Reflective Parenting Program
“When my daughter climbed into my lap today and looked up into my eyes, I felt all warm in my heart. I felt like a mother for the first time…”
— RPP Parent Participant
Reflective Parenting Program
Why should parents aim to be reflective? The short answer is: Kids do better when parents are reflective. The Reflective Parenting Program (RPP) aims to enhance parents’ capacity to be reflective so that they can find meaningful solutions to everyday concerns with their children. By increasing reflective skills, parents feel greater confidence in their ability to deal with the stress and conflict that can arise in typical parent-child interactions such as sleep issues in infancy, supporting independence, leaving for school, doing schoolwork, dealing with siblings, transitioning from one activity to another, and maintaining friendships.
The Reflective Parenting Program is an innovative and experiential 12-week workshop designed to enhance critical parenting skills, most notably the capacity to make meaning out of a child’s behavior. RPP utilizes a reflective learning process, in a group setting, to help parents address everyday challenges with their children. Each weekly workshop includes instruction, discussions, and exercises to help parents reflect on topics such as:
Temperament
Responding to Children’s Emotions
Separation and the Development of Independence
Play and Parental Involvement
Discipline
Emotional Life of the Parent
Specific topics are introduced in order to stimulate discussion and, most notably, reflection about the relevant issues in a family. Workshops enable parents to discover new ways to think about the links between behavior, feelings, and actions while learning new strategies and techniques designed to enhance their reflective functioning. Parents will begin to recognize how their capacity for reflection can serve as a powerful tool toward building stronger and more satisfying relationships, as well as to reduce emotional discord and maladaptive behavior in the child. There are three types of RPP groups:
Reflective Parenting Program (RPP) is a parent group for 8-10 parents. The RPP group model is grounded in the most up-to-date research in child development, psychology, attachment, mentalization, and neuroscience. RPP is recognized as an evidence-based Prevention and Early Intervention (PEI) program that helps protect children from growing up with Adverse Childhood Experiences (ACEs) and helps prevent the intergenerational transmission of trauma.
Reflective Parenting Program for Two (RPP2) is a dyadic parent group for 8-10 parents along with their infant or toddler. RPP2 is designed to meet the specific needs of parents of very young children which includes spending time observing children followed by a reflective discussion and prioritizing parents’ urgent questions about their child.
Prenatal Reflective Parenting (PRP) is a group for 8-10 parents who are expecting a child. PRP is designed to meet the specific needs of parents during the prenatal period with a focus on the parent’s expectations of, and feelings toward, their as yet unborn child and issues related to the possibility of postpartum depression.

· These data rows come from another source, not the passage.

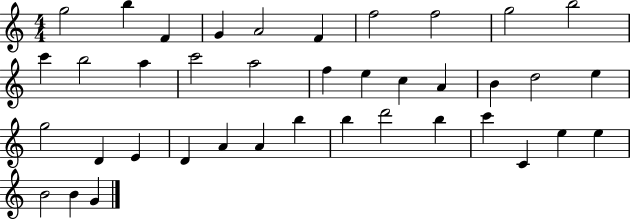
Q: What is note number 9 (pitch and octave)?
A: G5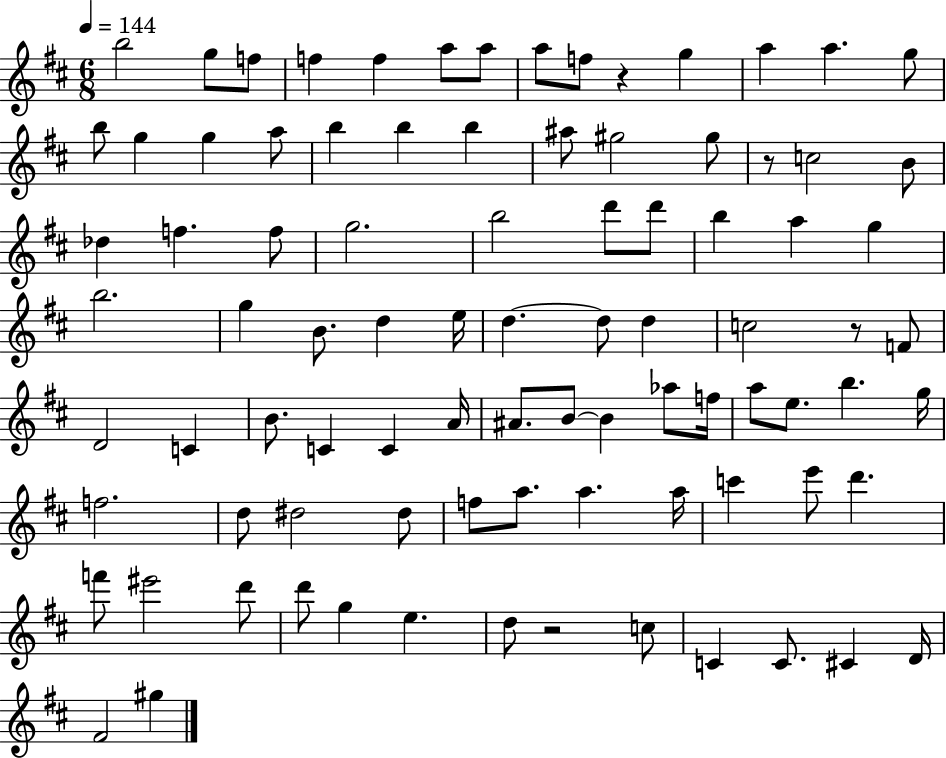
{
  \clef treble
  \numericTimeSignature
  \time 6/8
  \key d \major
  \tempo 4 = 144
  b''2 g''8 f''8 | f''4 f''4 a''8 a''8 | a''8 f''8 r4 g''4 | a''4 a''4. g''8 | \break b''8 g''4 g''4 a''8 | b''4 b''4 b''4 | ais''8 gis''2 gis''8 | r8 c''2 b'8 | \break des''4 f''4. f''8 | g''2. | b''2 d'''8 d'''8 | b''4 a''4 g''4 | \break b''2. | g''4 b'8. d''4 e''16 | d''4.~~ d''8 d''4 | c''2 r8 f'8 | \break d'2 c'4 | b'8. c'4 c'4 a'16 | ais'8. b'8~~ b'4 aes''8 f''16 | a''8 e''8. b''4. g''16 | \break f''2. | d''8 dis''2 dis''8 | f''8 a''8. a''4. a''16 | c'''4 e'''8 d'''4. | \break f'''8 eis'''2 d'''8 | d'''8 g''4 e''4. | d''8 r2 c''8 | c'4 c'8. cis'4 d'16 | \break fis'2 gis''4 | \bar "|."
}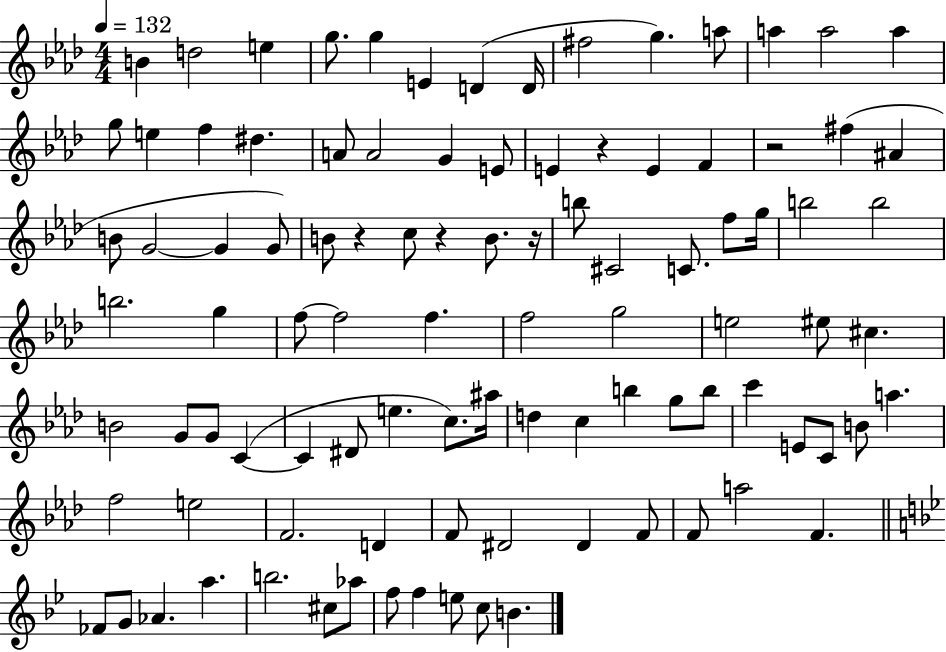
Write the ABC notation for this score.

X:1
T:Untitled
M:4/4
L:1/4
K:Ab
B d2 e g/2 g E D D/4 ^f2 g a/2 a a2 a g/2 e f ^d A/2 A2 G E/2 E z E F z2 ^f ^A B/2 G2 G G/2 B/2 z c/2 z B/2 z/4 b/2 ^C2 C/2 f/2 g/4 b2 b2 b2 g f/2 f2 f f2 g2 e2 ^e/2 ^c B2 G/2 G/2 C C ^D/2 e c/2 ^a/4 d c b g/2 b/2 c' E/2 C/2 B/2 a f2 e2 F2 D F/2 ^D2 ^D F/2 F/2 a2 F _F/2 G/2 _A a b2 ^c/2 _a/2 f/2 f e/2 c/2 B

Bring a Parenting Group to Your Community
CRC can provide a tailor-made parenting class to your school, community center, support group, or other community settings. Our programs offer:
An approach that helps make sense of children’s behavior. Our goal-focused parenting workshop introduces the building blocks of reflective thinking in a supportive and flexible manner.
Parenting skills and strategies for dealing with everyday struggles. Our programs teach parents specific capacities and tools that are relevant to their unique family situations.
Greater confidence and competence in the parenting role. Parents who are able to clarify the motivations behind their children’s behavior can manage their anger and deal with difficulties in a more compassionate way.
Better relationships with their children. When parents are reflective, they are better able to understand behavioral triggers and respond to or repair difficult situations with creative and workable approaches.
Parenting that is more satisfying and mutually gratifying. Parents who learn how to “turn down the heat” during a conflict or get curious in a moment of uncertainty feel greater satisfaction with themselves and their children. This process builds resilience and strengthens parent-child relationships.